Of course I could be misinterpreting the setting. I’m open to suggestions. AKA please comment.
2) Entropy: Really interesting way to look at the world
Entropy is 100% my favorite theme in Sci-Fi and Fantasy literature. Not so much from the everything breaks down and nothing lasts perspective. That’s pretty depressing and not a whole lot of fun. More from the perspective that things must be torn down to be built up. That the universe is constantly changing and from the ruins of something that once was, something else will be. Pretty dramatic stuff right?
The Way of Cross & Dragon seems to frame entropy as a contradiction. After listening to a huge speech about how everything eventually breaks down, the main character seems to be stuck in a seemingly everlasting cycle which will continue on forever. Pursuit of truth is the only true constant.

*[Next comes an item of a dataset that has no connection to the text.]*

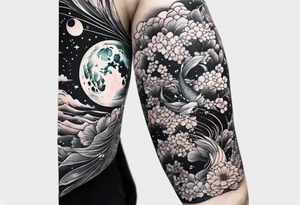 arm sleeve tatoo, space, nature, koi tattoo idea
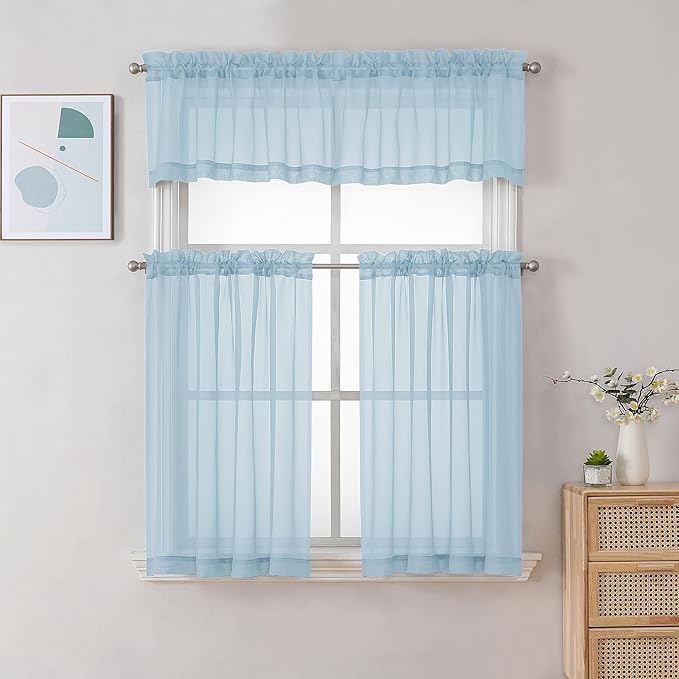 Chyhomenyc Light Blue Sheer Valances for Windows 2 Pack, Small Window Curtains for Living Room Bathroom Cafe Laundry Basement, Modern Top Dual Rod Pocket Voile Curtain, 42W x 14L inches, Sky Blue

3) This story has to be the precursor to GoT
Also, this Judas Iscariot fellow (at least the way he is constructed in The Way of Cross & Dragon) seems to resemble Daenerys Targaryen from Game of Thrones an awful lot. Actually, the only difference I can see is that Judas is a dude. Anyway, I haven’t been reading GoT but I’ve been trying to keep up with the HBO series. Obviously, now I’m going to start looking for any type of biblical references in her character (although at present they are eluding me) as the story progresses. Maybe I’ll find something, maybe not.
Again, if you already know of some of these please comment.
4) I think this is as happy as an ending gets for George R.R. Martin
I’m really starting to feel like George R.R. Martin just doesn’t do happy. I sincerely hope that he’s more cheerful in person than some of his writing. This is the second short fiction piece I’ve read by this author and for the second time I’ve need to put it down and go do something else to distract myself. He gets heavy and he does it quickly too.
Anyway, reading back over this post again, it would seem that I didn’t enjoy The Way of Cross & Dragon. That isn’t true. I did enjoy it and would certainly recommend it to anyone reading this post. I really liked the juxtaposition of elements in the story which were supposed to represent Entropy, with those elements which were supposed to represent Immortality. Order from chaos, chaos from order, etc. I think he could have pushed a little harder on in the setting. The inauthentic church motive seems a little tired to me, but this story was written back in the 80’s so maybe it was a fresher idea in that time. I think that’s all for now. If I find any good GoT tidbits relating to this story I’ll be sure to add them. Or maybe just do another post.